ISSN 1470-3947 (print) | ISSN 1479-6848 (online)

Endocrine Abstracts (2013) 31 PL6 | DOI: 10.1530/endoabs.31.PL6

Genes and giants

Márta Korbonits


Barts and the London School of Medicine, London, UK.


The number of diseases associated with genetic abnormalities has grown exponentially in the last decade. Pituitary tumours are no exception, as now at least nine genes are known to predispose to pituitary tumour development: MEN1, PRKAR1A, AIP, CDKN1B, SDH (A, B, C and D) and DICER1. On the other hand, only a small minority of the pituitary-related gene carriers develop pituitary disease, suggesting that other interfering genes or factors are also important. Based on our recent assessment in a tertiary referral centre, up to 7% of patients with pituitary adenomas have a family history.

About 20% of familial isolated pituitary adenoma patients have a germline mutation in the AIP gene. These patients have a characteristic phenotype with young-onset, usually somatotroph adenoma which is difficult to control with surgery or medical therapy. We have identified a novel pathway involving somatostatin analogues and AIP: somatostatin analogues increase AIP expression and this, in turn, upregulates the transcription factor ZAC1, known to harbour tumour suppressor activity. This mechanism may explain the poor effect of somatostatin analogues in AIP mutation-positive patients. AIP is a well-conserved gene and its importance is supported by our recent data involving CG1847, the fruitfly orthologue of AIP. Complete CG1847 knockdown leads to lethality but organ-specific knockdown can reveal novel AIP interacting partners.
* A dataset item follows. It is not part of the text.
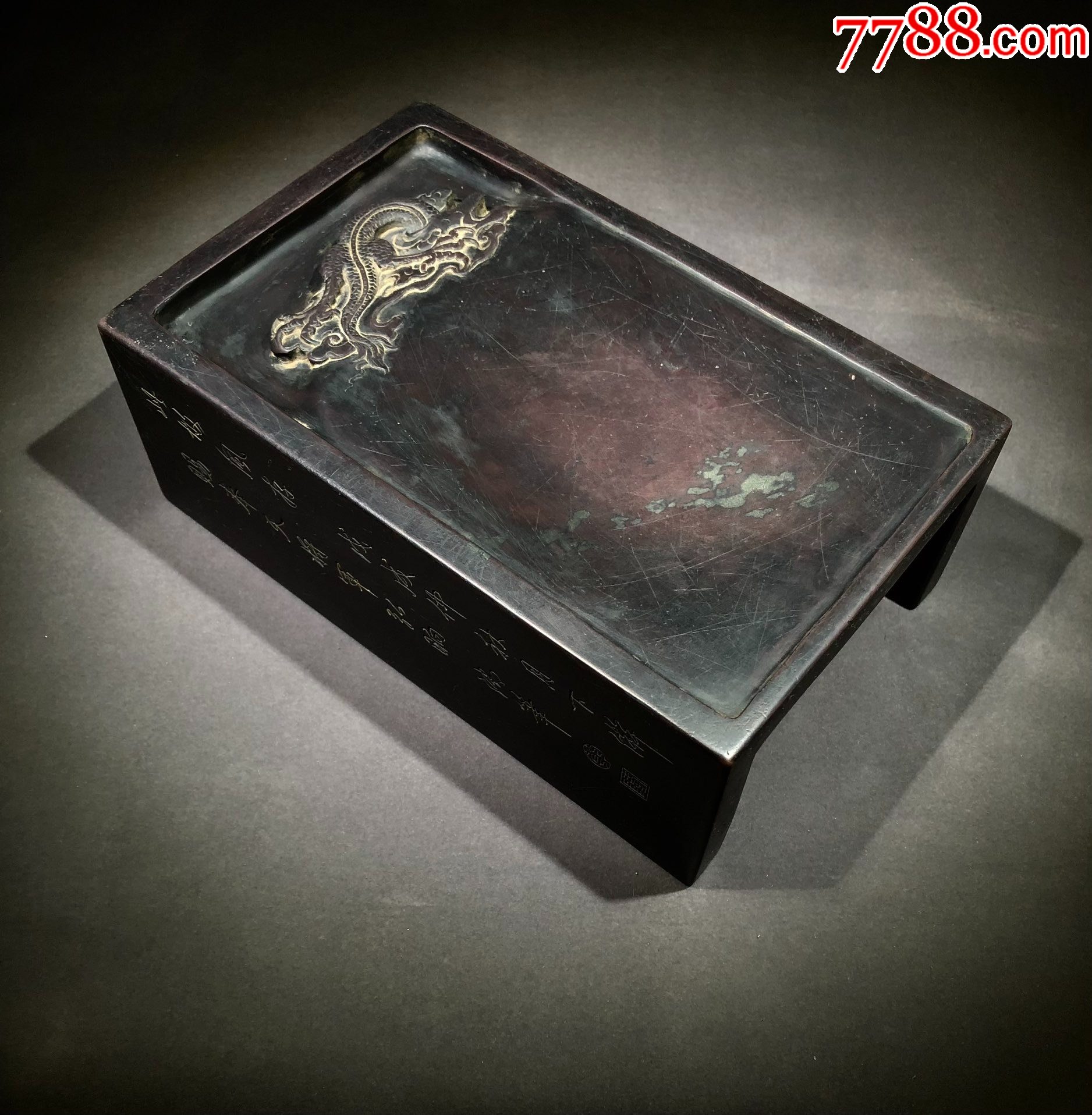欧洲回流，奉天将军弘响款，端石太史砚_端砚_古韵欧亚回流【7788收藏__收藏热线】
A seemingly far-fetched link between historical patients suffering from gigantism and current families with childhood-onset acromegaly led to the identification of an AIP mutation which now ties together 17 kindreds with over 80 carriers. Prospective identification of pituitary disease is emerging as a real possibility, which could potentially eradicate the development of gigantism in these families.

Thus, the analysis of genetic syndromes associated with pituitary tumours may shed important light on tumour pathogenesis, and can have a significant impact on patient care.

Declaration of funding

This work was supported by MRC, Wellcome Trust, Barts and the London Charity and Unrestricted educational grant from Pfizer.